Observing that a lenient attitude shown by judicial institutions has emboldened unscrupulous litigants to disobey or commit a breach of an order with impunity, the Supreme Court has said courts need not show compassion when contemnors use them as a “potent weapon” and “legal trick” to wriggle out of responsibility.
The observation came while the top court was adjudicating a case from the Gujarat High Court, which sentenced five people under the Contempt of Courts Act, 1971 for their deliberate and wilful disobedience of an undertaking given to it in 2015 in a property dispute.
The appellants in the matter proceeded to execute 13 sale deeds in favour of different parties, despite the undertaking given to the high court.
The high court had sentenced three of them to two months of simple imprisonment and asked the remaining two to pay Rs 1 lakh in lieu of sentencing.
A bench comprising Justice JB Pardiwala and Justice Manoj Misra said fake apologies should not be accepted and the court was not bound to accept the apology tendered by the contemnors and that apologies thus tendered should be unconditional, unqualified and bona fide.
“Apology is not just a word. The court should not accept the apology when it appears that saying sorry is nothing but a legal trick to wriggle out of responsibility. A true apology must be a deep ethical act of introspection, self-introspection, atonement and self-reform. In its absence, an apology can be termed as farce.
“The apology tendered should not be accepted as a matter of course and the court is not bound to accept the same. The apology may be unconditional, unqualified and bona fide, still if the conduct is serious, which has caused damage to the dignity of the institution, the same should not be accepted,” the bench said.

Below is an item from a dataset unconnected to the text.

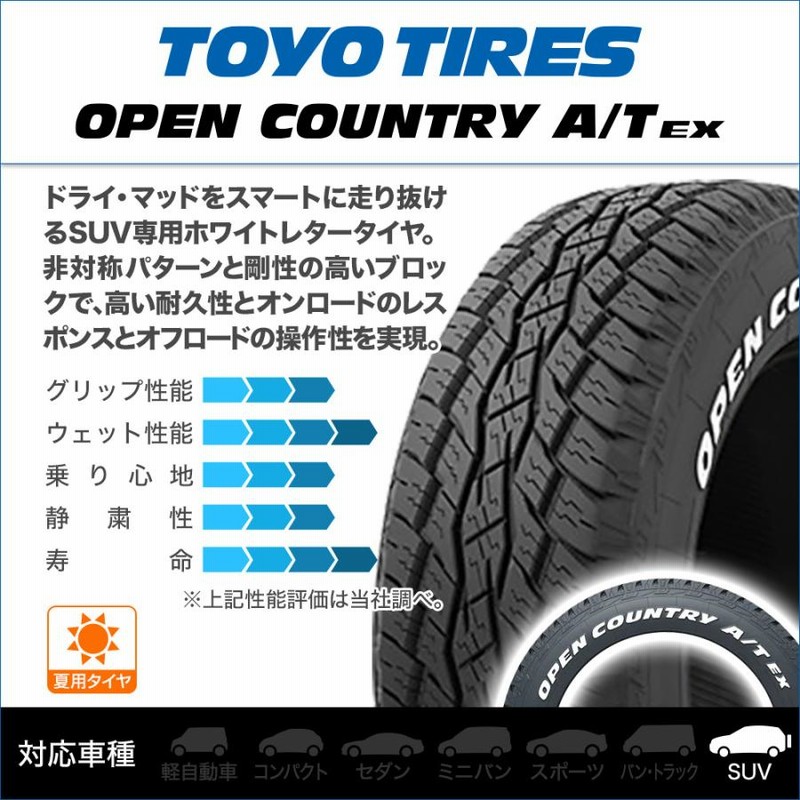 オフロードタイヤ ホイール4本セット MID ナイトロパワー M10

The top court said there ought not to be a tendency of courts to show compassion when disobedience of an undertaking or an order is with impunity and with total consciousness.

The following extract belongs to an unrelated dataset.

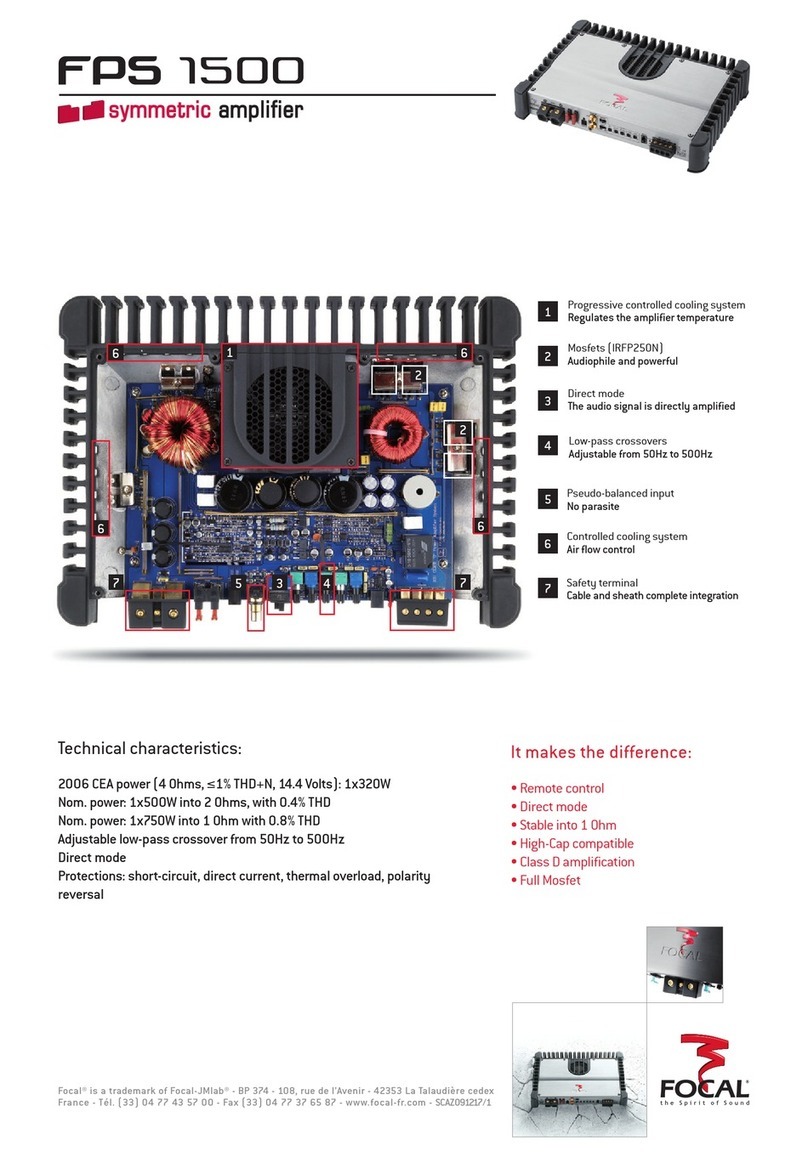 Focal FPS 1500 User manual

It said the sanctity of judicial proceedings is paramount to a society governed by law.
Otherwise, the very edifice of democracy breaks and anarchy reigns, it added.
Dismissing the appeal filed by the contemnors, the bench granted two weeks’ time to the appellants to surrender and serve out the sentence as imposed by the high court.

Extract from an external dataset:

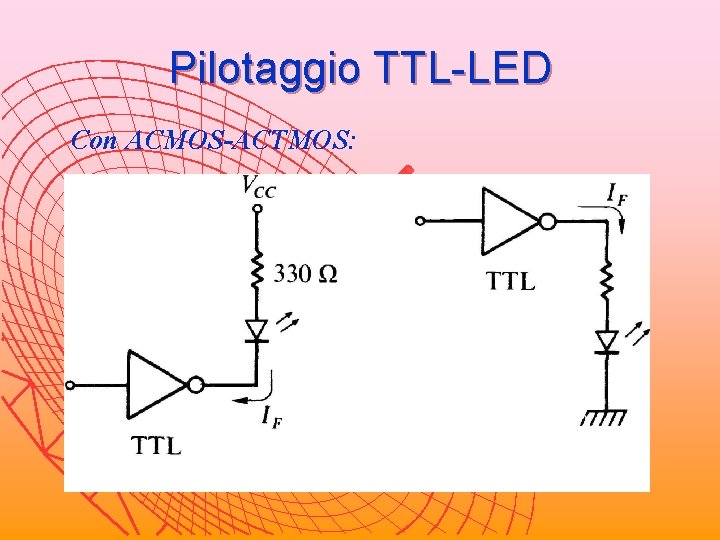 Pilotaggio TTL-LED Con ACMOS-ACTMOS:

It said the object of the discipline enforced by courts in case of contempt of court is not to vindicate the dignity of the court or the person of the judge, but to prevent undue interference with the administration of justice.
“Any interference with the course of justice is an affront to the majesty of law and the conduct of interference is punishable as contempt of court. Public interest demands that there should be no interference with the judicial process and the effect of the judicial decision should not be preempted or circumvented.
“If a party, who is fully in the know of the judgment or order of the court, is conscious and aware of the consequences and implications of the order of the court, acts in violation thereof, it must be held that disobedience is wilful,” the bench said.
To establish contempt of court, it is sufficient to prove that the conduct was wilful and that the contemnor knew all the facts that made it a breach of the undertaking, it added.
“The Act of 1971 is intended to correct a person deviating from the norm and trying to breach the law or assuming law on to himself. It intends to secure the confidence of the people in the administration of justice by disciplining those erring in disobeying the orders of the court or undertaking given to the court.
“We may take judicial notice of the fact with all humility at our command that over a period of time, the courts have shown undue leniency and magnanimity towards the contemnors. This lenient attitude shown by the courts over a period of time has actually emboldened unscrupulous litigants to disobey or commit a breach of the order passed by any court or any undertaking given to the court with impunity,” the bench added.